Bitterness comes when we hold on to hurt and refuse to forgive those who have hurt us. It affects everything around us and causes us to have a hardened heart. We can even take on a victim mentality where we feel constantly wronged by others. It will pollute our overall view of the world and affects how we treat people.
No matter what we are not entitled to our sinful responses to how others have hurt us. Doing so only causes separation between God, ourselves and others.
We can’t change people or make them see the error of their ways but God can. But we can take our wounded hearts, bitterness, and unforgiveness to the one who has shown us how to love mercy instead of demanding justice.
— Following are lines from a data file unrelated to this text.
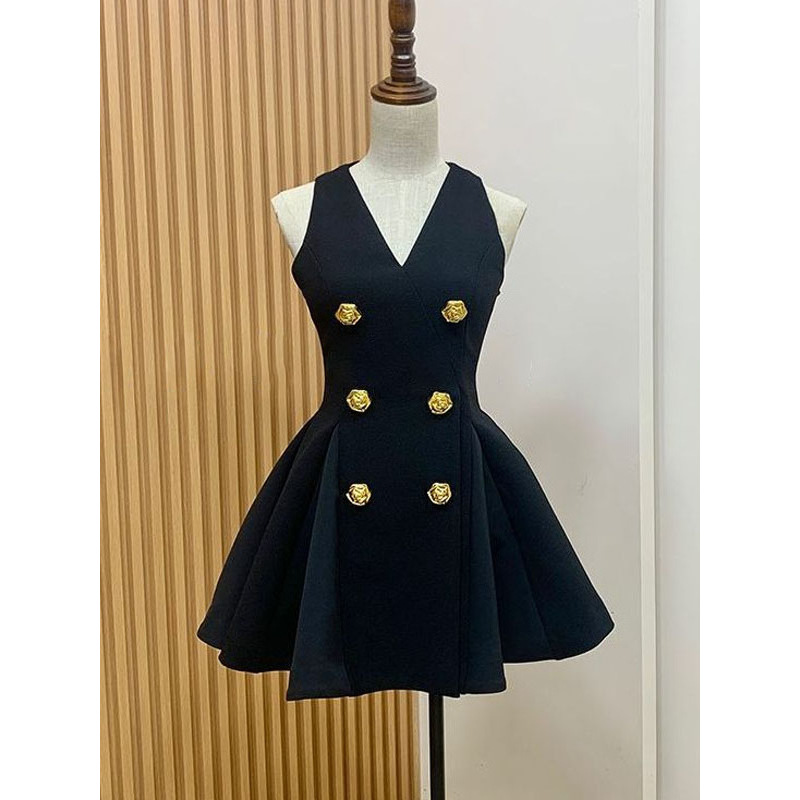 Women's V-neck Tight Waist A- Line Pleated Short Skirt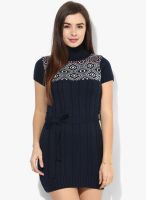 Honey By Pantaloons Navy Blue Colored Printed Shift Dress With Belt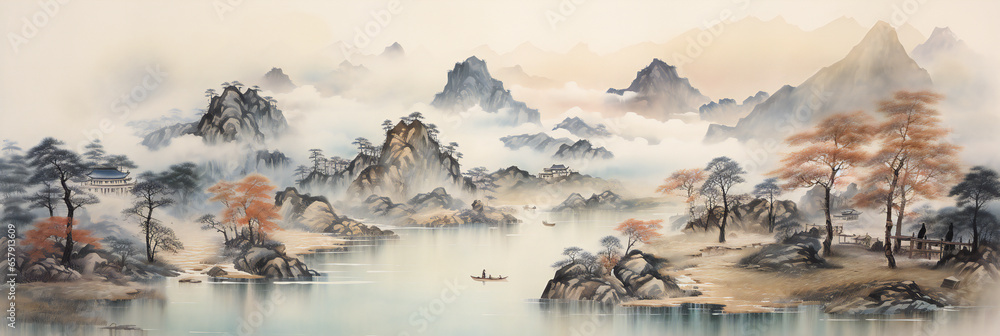 watercolor oriental landscape with lake and mountains 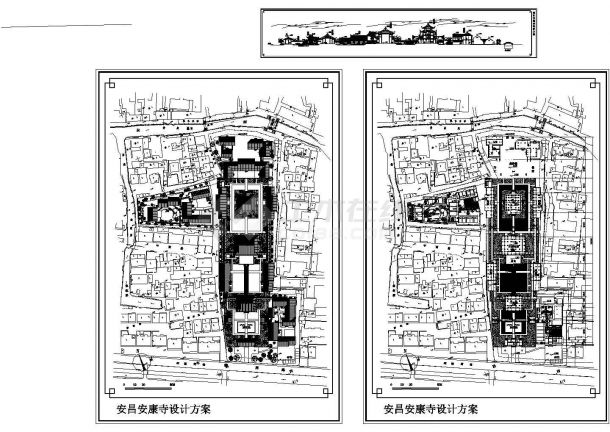 某地景区安昌寺多层全套建筑施工设计cad图（含总平面图）-图一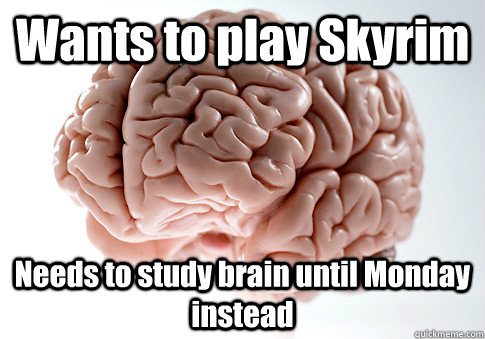 Wants to play Skyrim Needs to study brain until Monday instead   Scumbag Brain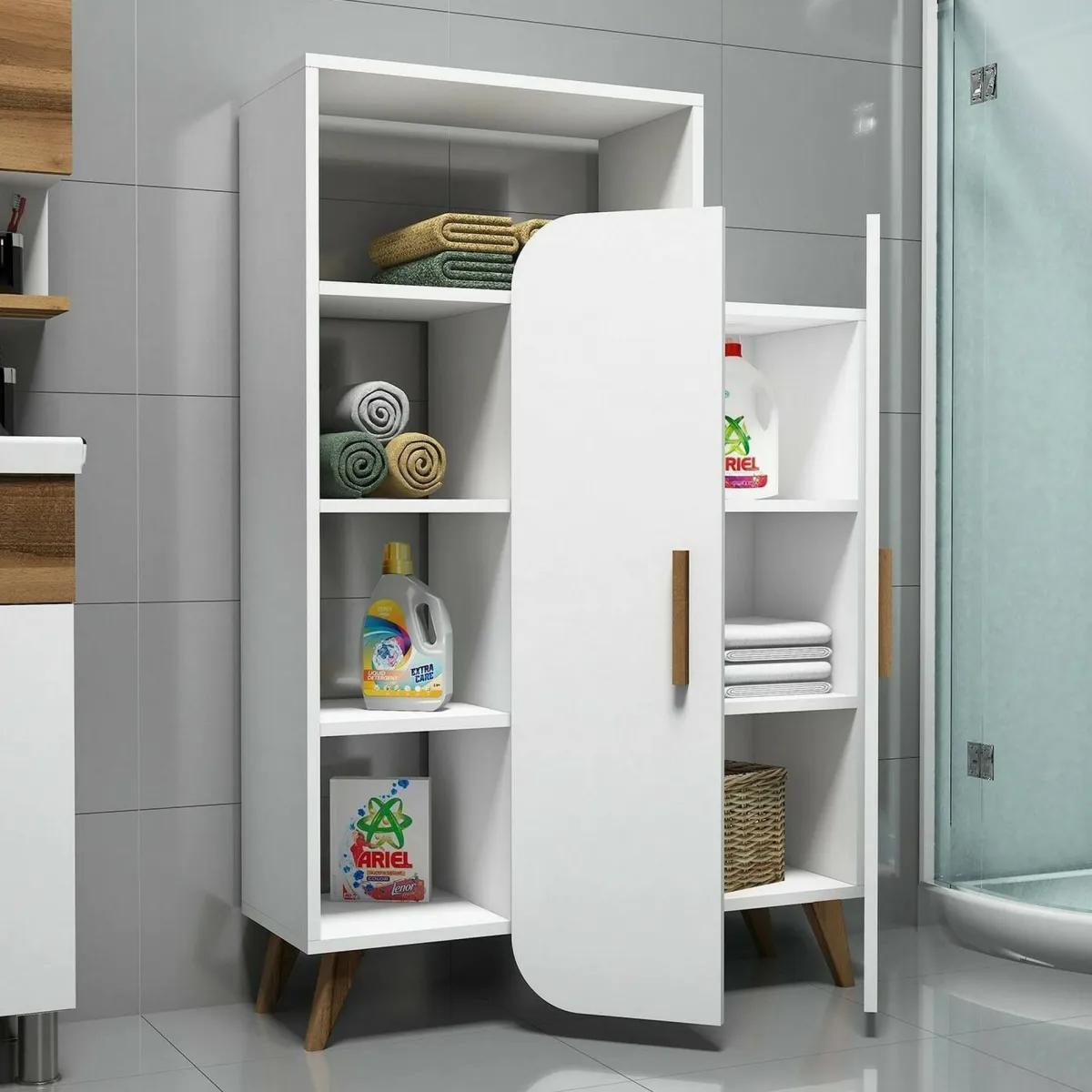 Cucina|Madie > Dmora Credenza alta bianca 90x32x132h cm 2 ante - Tormalina Bianco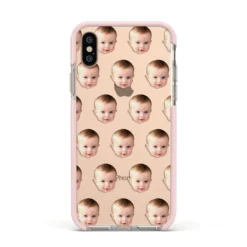 Baby Face IPhone Case -CaseCraze Store Baby Face Apple iPhone Xs Impact Case Pink Edge on Gold Phone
Bitterness hinders repentance and forgiveness in relationships. The cure for bitterness starts with our hearts. It’s not something we do flippantly or dismissively without considering the cost of the sin committed against us, its effects and the wounds left behind.
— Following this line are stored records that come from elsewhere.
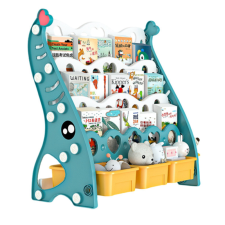  Gyerek könyvespolc Tároló dobozzal 55x25x56cm kék bútor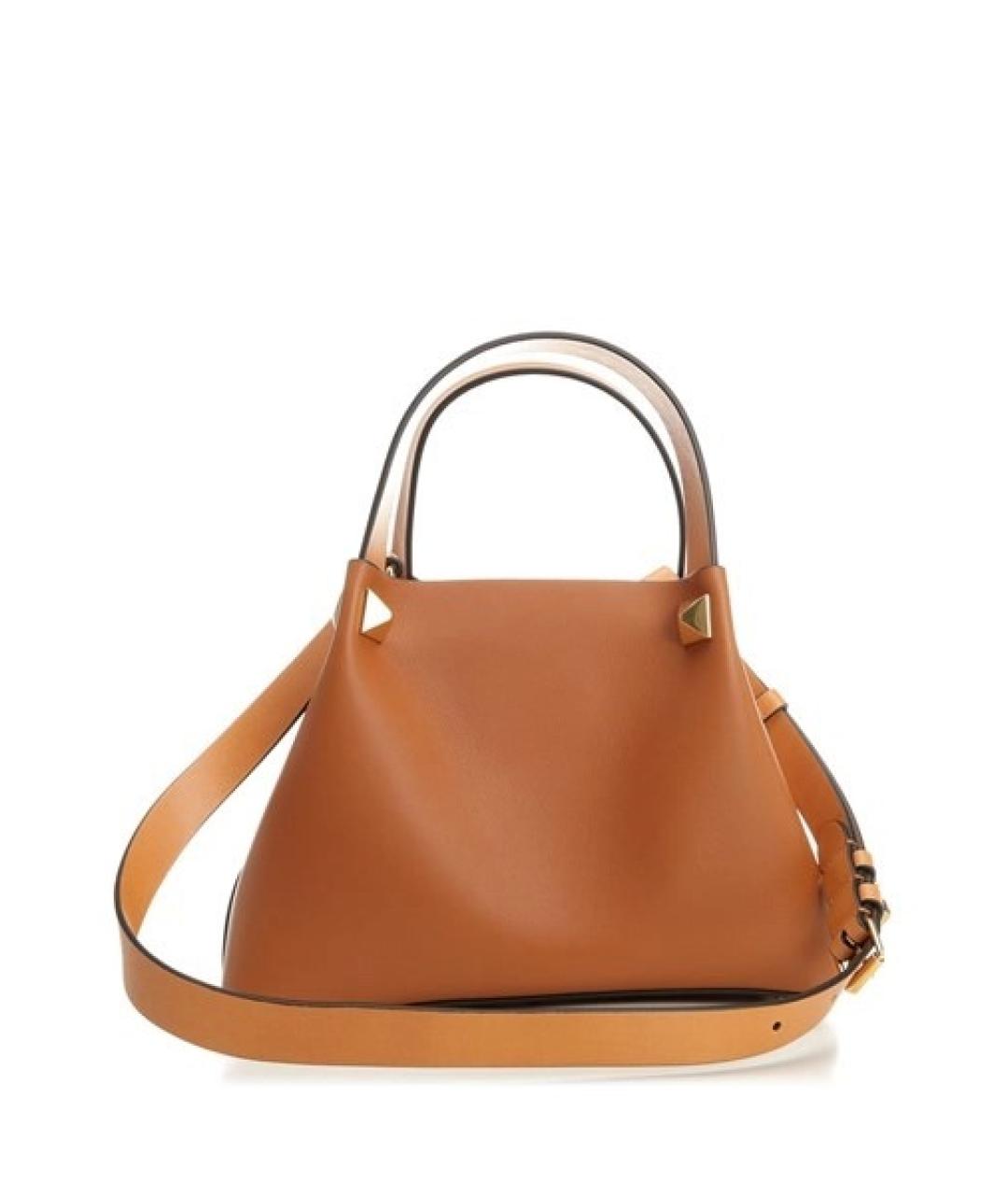 VALENTINO Коричневая кожаная сумка с короткими ручками, фото 3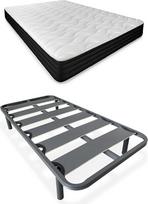 DUÉRMETE ONLINE Pilnas lovos komplektas su abipusiu Visco čiužiniu (žiema/vasara) + sustiprintas 40 x 30 mm skersmens lentjuostinis pagrindas su metalinėmis kojelėmis ir srieginiu legiruotu plienu, pilkas 105 x 190 cm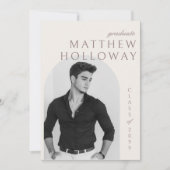 Modern Arch Beige Graduation Announcement Einladung (Vorderseite)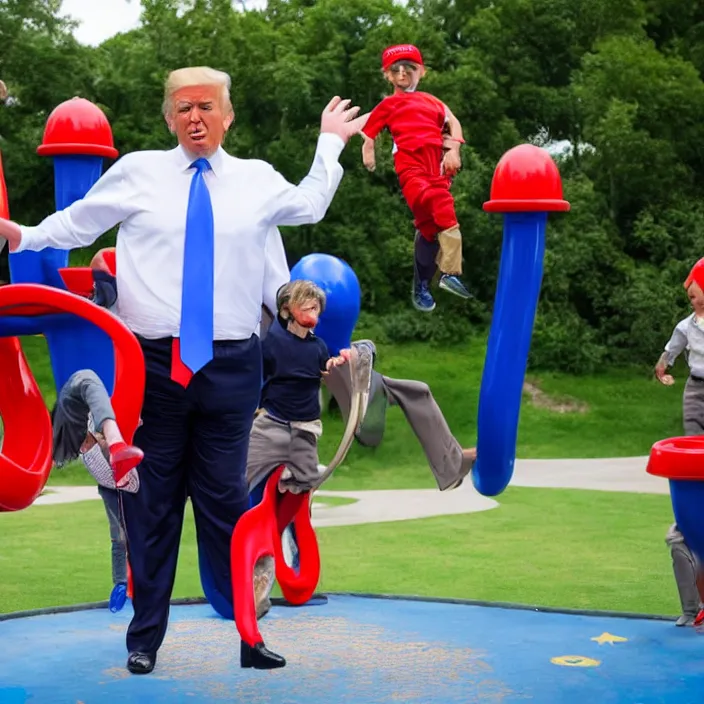 Image similar to donald trump playing in playground, detailed sharp photo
Ask Jesus to help you process the hurts and choose to forgive. You will then have a beautiful gift to offer others – true forgiveness from the heart. A heart that says what you did to me hurt me deeply, but I choose to forgive you and release you from a debt you cannot repay just as my precious Jesus forgave me and released me from mine.
Responding In Grace
Every person has a learned pattern of behavior when dealing with conflict. Some lash out; others become critical, defensive and sarcastic, while some retreat like a turtle and avoid conflict altogether. None of these patterns work towards solution and even create more conflict adding layers of bitterness and resentments causing hearts to get hardened and broken intimacy in relationships.
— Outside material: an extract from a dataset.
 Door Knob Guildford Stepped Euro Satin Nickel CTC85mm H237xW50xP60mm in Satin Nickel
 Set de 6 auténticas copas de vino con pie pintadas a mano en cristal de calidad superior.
What’s God’s solution when conflict in relationships arises? GRACE! You see people model what was modeled to them. If they attack, they were attacked. If they are critical, they were criticized. If they avoid, stuffing and avoidance was the name of the game growing up. These patterns are brought into relationships and affect those we love. It’s important not to personalize the wrongful reactions of other people. It has more to do with their faulty filters and less to do with you. Grace understands this. It can build a bridge to healthy relationships.
God’s word says “Let your conversation be always full of grace, seasoned with salt, so that you may know how to answer everyone.” Instead of getting angry and replying in kind commit to sifting every conflict through a grace sifter. Nothing gets through unless it contains grace. Just like a flour sifter catches big lumps of flour that will ruin a recipe – nothing critical is allowed to sift through that will ruin our relationships. There is nothing wrong with the flour it’s just the wrong consistency. Likewise, conflict issues are legitimate and must be addressed and dealt with. But it’s our negative reaction to conflict that needs sifting through the filter of grace.
The next part of the recipe calls for seasoning with salt. Salt is a preservative. If your conversation is full of grace – allowing for faults and imperfections of others – it preserves relationships and brings peace to our lives. This is the perfect recipe for healthy God-centered relationships. Let’s get to cooking with grace.
“But above all these things put on love, which is the bond of perfection.”